Two CSF protein concentration values were not available, one in group 1 and one in group 2.

Overall, 178 methotrexate courses were analyzed and the patients received a median dose of 1990 mg m−2 (759–3035 mg m−2). Thirty-six courses were available in patients from group 1: six received the four courses, two received three courses, two received two courses and two received only one course. The median (range) dose of methotrexate was 1510 mg m−2 (966–3026). The theoretical dose of 3000 mg m−2 was administered in 13 courses (36.1%) and a reduced dosage was administered in the remaining 23. One hundred forty-two courses were analyzed in patients from group 2, the last course being administered after evaluation in eight of them. The median (range) dose was 2010 mg m−2 (759–3035). The theoretical dose of 3000 mg m−2 was administered in 70 courses (49%) and a reduced dosage was administered in the remaining 72.

Response to treatment

Twenty-nine (78%) patients were classified as responders, 44.8% of whom had a complete response.

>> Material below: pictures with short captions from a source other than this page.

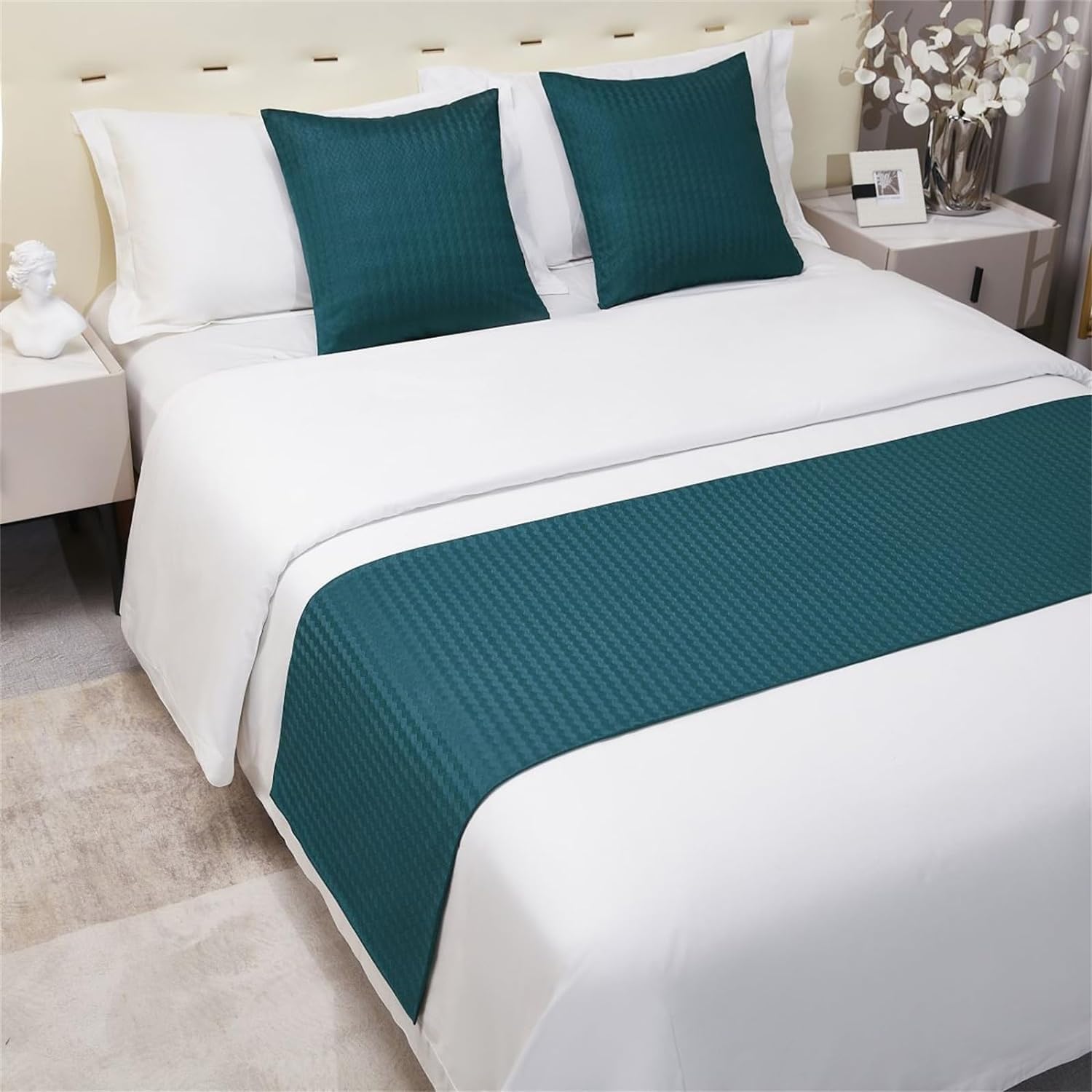 Chemin De Lit Et Taies D'oreiller Assorties - Marron, Polyester, Lavable Machine, Protection Literie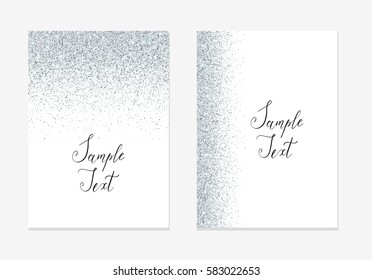 Silver glitter holiday design background with sparkle.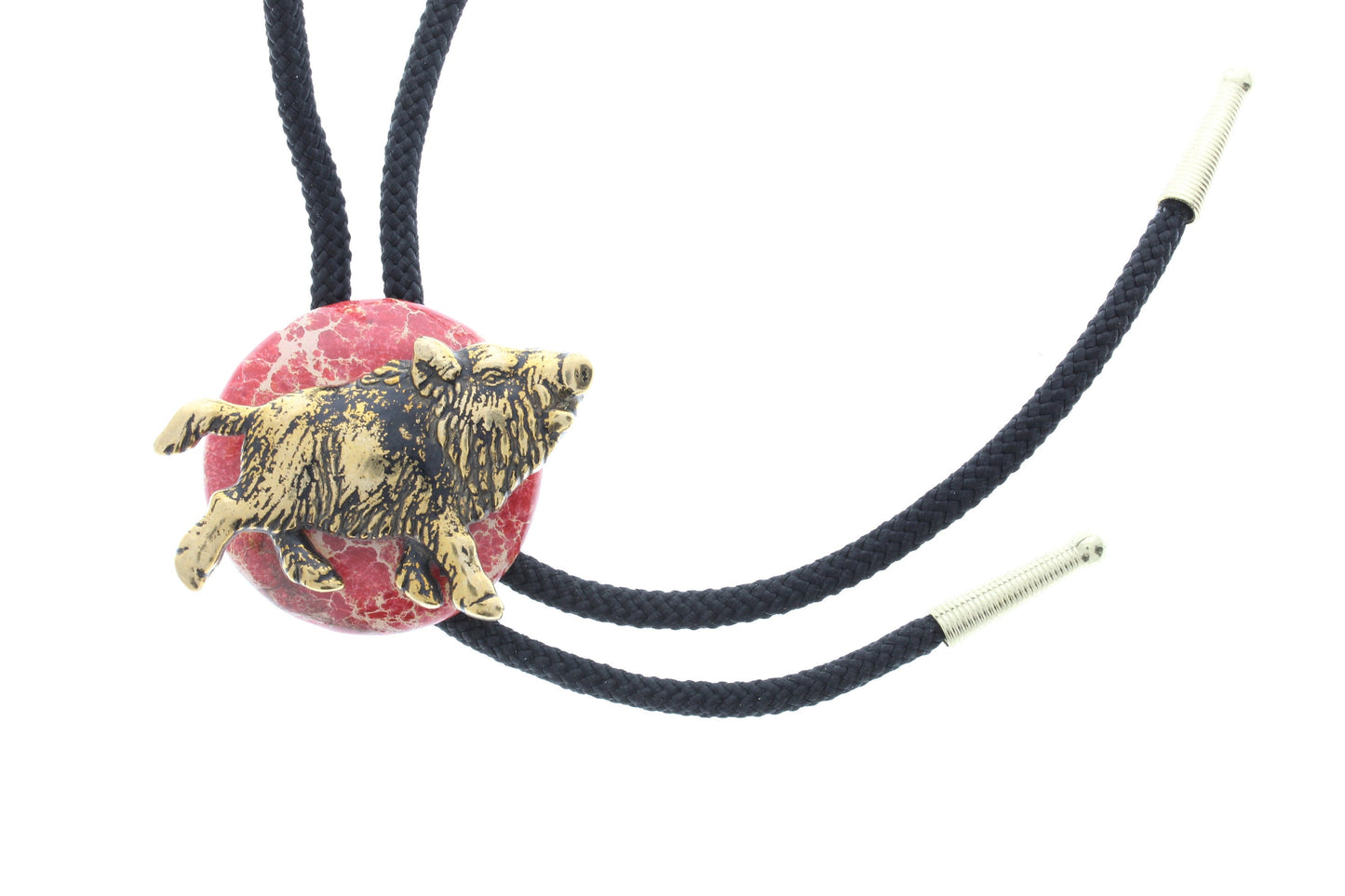 Razorback Hog bolo, black or red, 36" cord, made in USA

Seven of the patients in group 1 (58%) had progressive disease and five (42%) had a partial response. Two patients received CYVE salvage chemotherapy (cytarabine 2 g m−2 day−1 on days 2 to 5 as a 3 h infusion plus 50 mg m−2 day−1 on days 1 to 5 as a 12 h infusion, and VP16 200 mg m−2 day−1 on days 2 to 5 as a 2 h infusion) and four received salvage radiotherapy. The disease progressed in the six remaining patients and they died before being switched to another treatment.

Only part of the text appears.